In the early morning of 25 June 1950 local time, North Korean forces attacked across the 38th Parallel. Equipped with Soviet-made tanks, supported by massed artillery fire, the communist offensive quickly drove south through Koesong and toward Uijongbu north of Seoul. Other attacks pressed against the mainly South Korean defenders all across the frontier to Kangnung on the east coast.
As the news worsened over the course of the day, General MacArthur, Commander in Chief, Far East Command, then at General Headquarters in Tokyo, ordered the shipment of ammunition from depots in Japan to resupply the South Koreans. That was as far as he could proceed on his own authority.

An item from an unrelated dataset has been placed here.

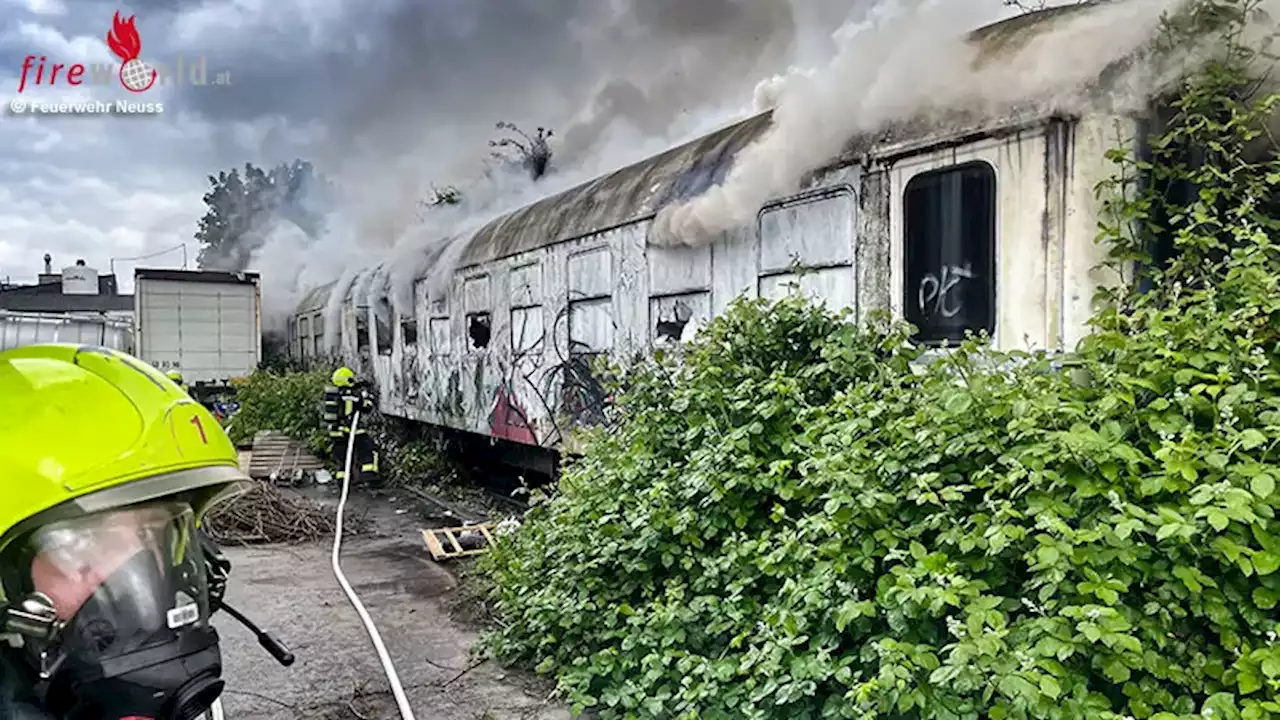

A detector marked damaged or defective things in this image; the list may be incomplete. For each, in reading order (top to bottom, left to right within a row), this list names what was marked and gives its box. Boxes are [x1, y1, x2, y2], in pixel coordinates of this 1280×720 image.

rusted train carriage roof [458, 2, 1111, 269]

President Truman, then at home in Independence, Missouri, heard the news of the invasion on the night of 24 June from his secretary of State, Dean Acheson. The President then tasked Acheson to request a meeting of the United Nations Security Council. The UNSC met at 1400 the following day and, owing to the continued absence of the Soviet representative (who had boycotted that body since January), the Security Council passed a resolution calling for peace and the restoration of the 38th Parallel boundary, calling upon “all members to render every assistance to the United Nations in the execution of this resolution and to refrain from giving assistance to the North Korean authorities.”
On the same day, as President Truman traveled back to Washington, the Joint Chiefs of Staff alerted MacArthur to the possibility, should the United Nations ask member nations to employ military force, that he might be directed to commit air, naval and ground forces to stabilize the combat situation.
The key question facing the United States, and indeed the United Nations as a whole, was the reaction of the Soviet Union. The American intelligence community believed the Soviets were the true aggressors in Korea, in spirit if not in fact. A central Intelligence Agency (CIA) report on 19 June had called the Democratic People’s Republic of northern Korea “a firmly controlled Soviet Satellite that exercises no independent initiative and depends entirely on the support of the USSR for existence.”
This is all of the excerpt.